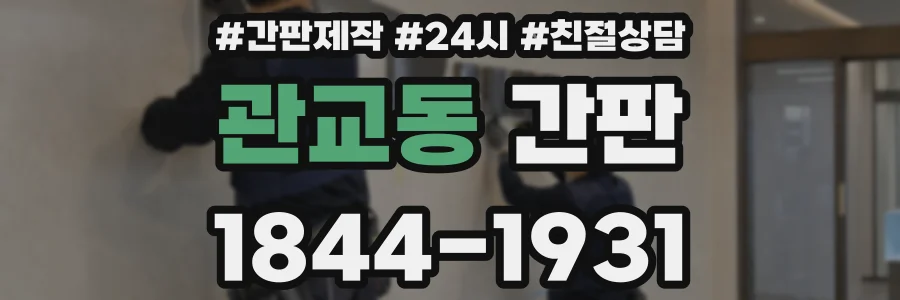 관교동 간판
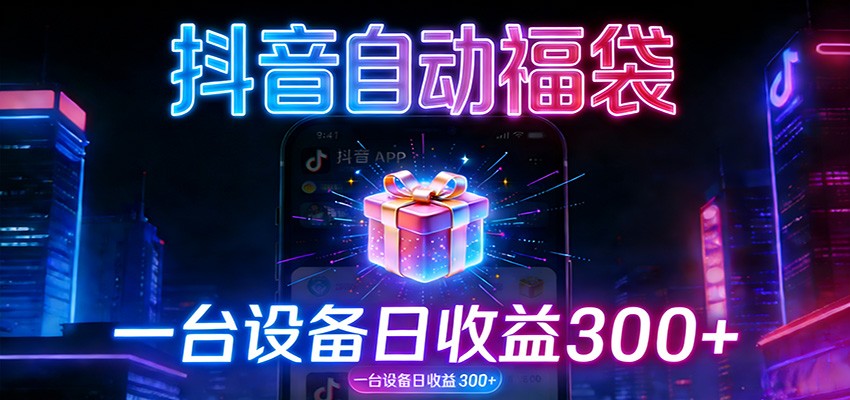 全自动抢福袋神器：24小时不停歇，日产出500＋-网创商城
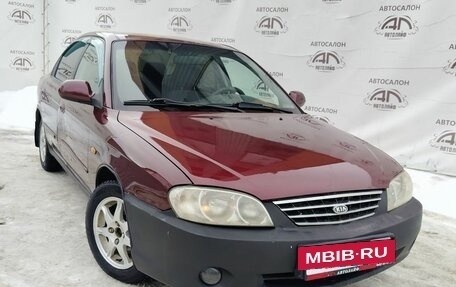 KIA Spectra II (LD), 2007 год, 350 000 рублей, 4 фотография
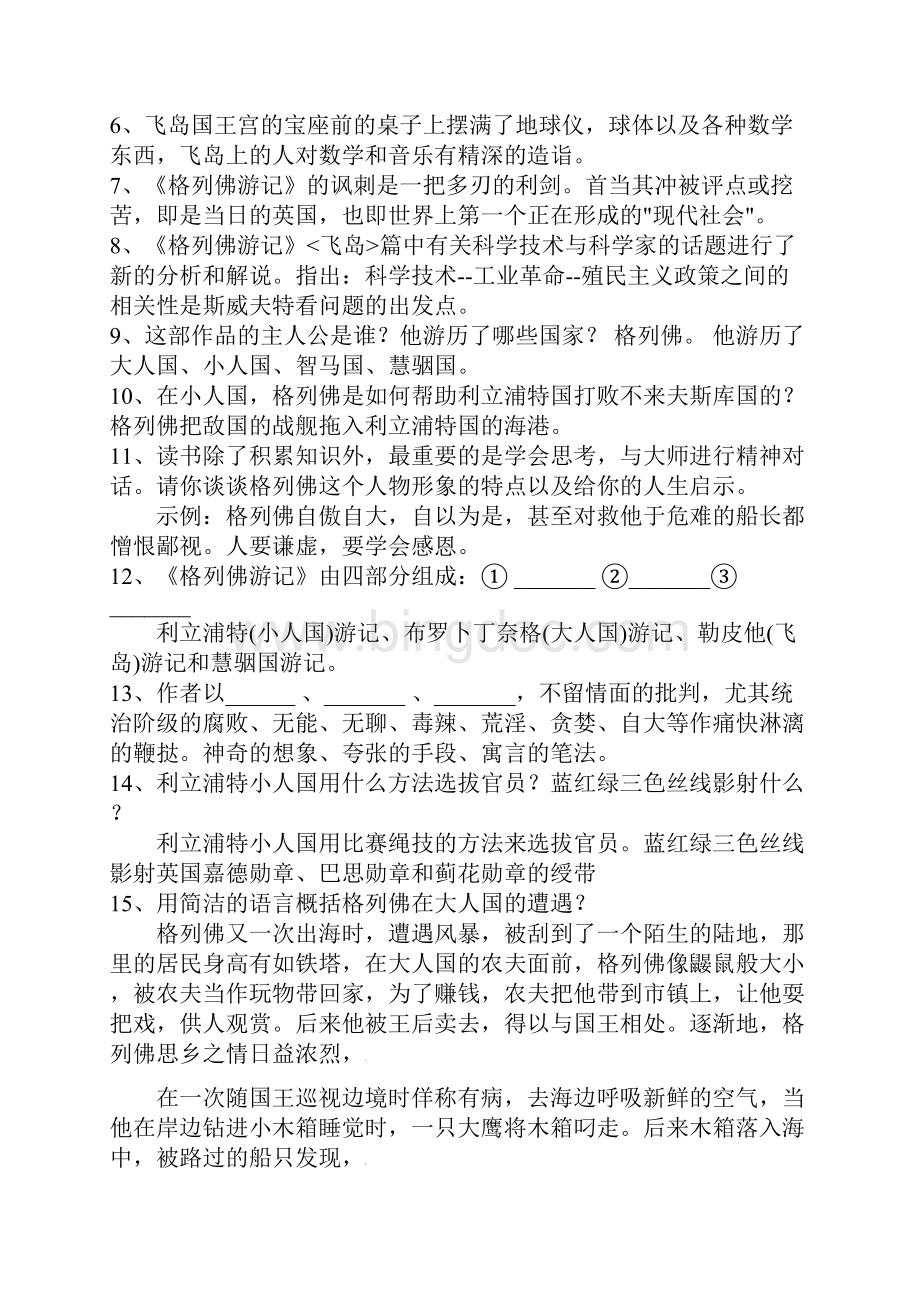 浙江省绍兴县九年级语文下册名著十三《格列佛游记》复习素材新人教版.docx_第3页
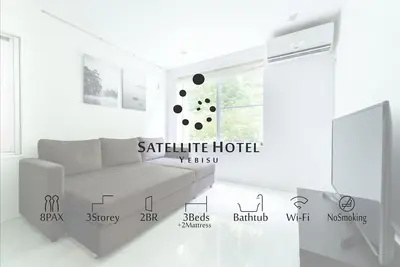 Image de 4 minutes walk from Jr Ebisu station Newly built - Ebisu detached house / Shibuya-ku Tokyo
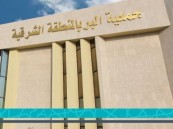 رضا المستفيدين بالشرقية ينتهي من قياس خدمات جمعية البر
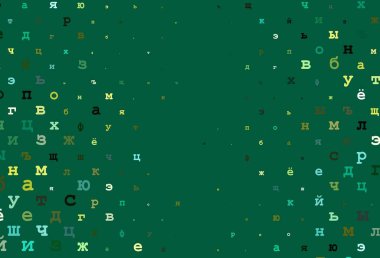 İngilizce sembollerle kaplanmış koyu turuncu vektör. Bulanık tasarım alfabe işaretleriyle basit bir şekilde. Reklamınız, posteriniz ve üniversite afişleriniz için en iyi tasarım..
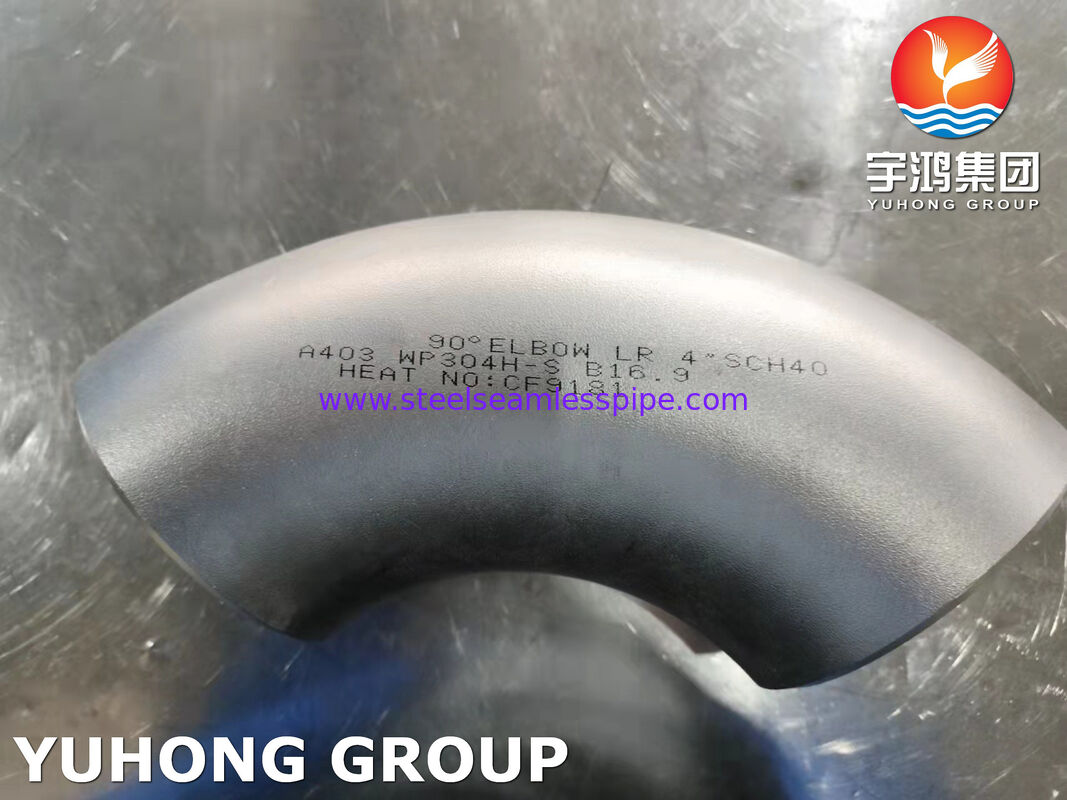 এএসটিএম এ৪০৩ ডব্লিউপি৩০৪এইচ-এস ইন্ডাস্ট্রিয়াল ফিল্ডের জন্য ফিটিং এলকো, স্টেইনলেস স্টীল পাইপ ফিটিং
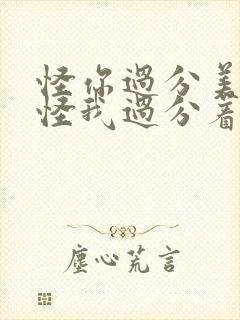 怪你过分美丽,怪我过分着迷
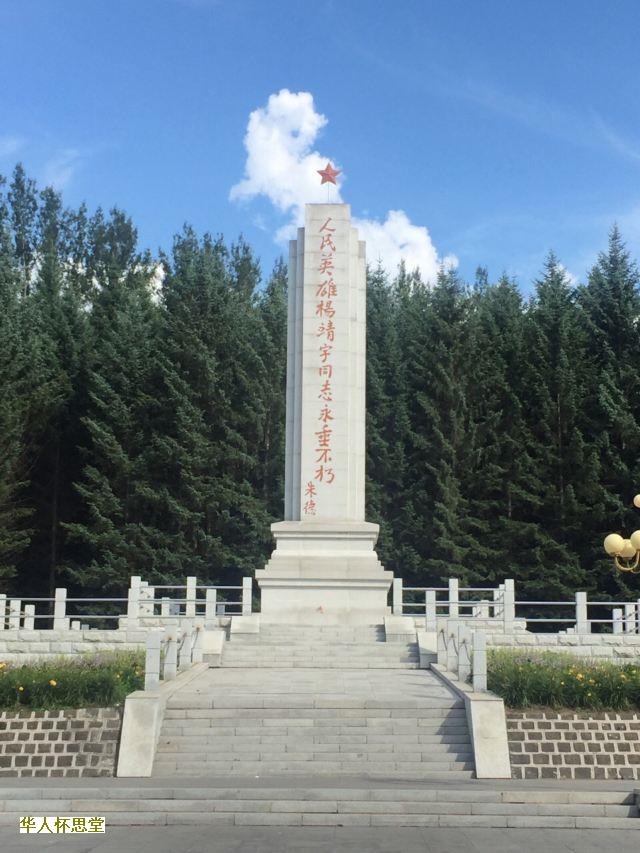 在墓地方向看罗盘位置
════════════════
▶ [What is required] Reproduce each entry word for word and cut the images.

▶ [Solution to this exercise]
 관교동 간판
 全自动抢福袋神器：24小时不停歇，日产出500＋-网创商城
 KIA Spectra II (LD), 2007 год, 350 000 рублей, 4 фотография
 浙江省绍兴县九年级语文下册名著十三《格列佛游记》复习素材新人教版.docx_第3页
 Image de 4 minutes walk from Jr Ebisu station Newly built - Ebisu detached house / Shibuya-ku Tokyo
 رضا المستفيدين بالشرقية ينتهي من قياس خدمات جمعية البر
 İngilizce sembollerle kaplanmış koyu turuncu vektör. Bulanık tasarım alfabe işaretleriyle basit bir şekilde. Reklamınız, posteriniz ve üniversite afişleriniz için en iyi tasarım..
 এএসটিএম এ৪০৩ ডব্লিউপি৩০৪এইচ-এস ইন্ডাস্ট্রিয়াল ফিল্ডের জন্য ফিটিং এলকো, স্টেইনলেস স্টীল পাইপ ফিটিং
 怪你过分美丽,怪我过分着迷
 在墓地方向看罗盘位置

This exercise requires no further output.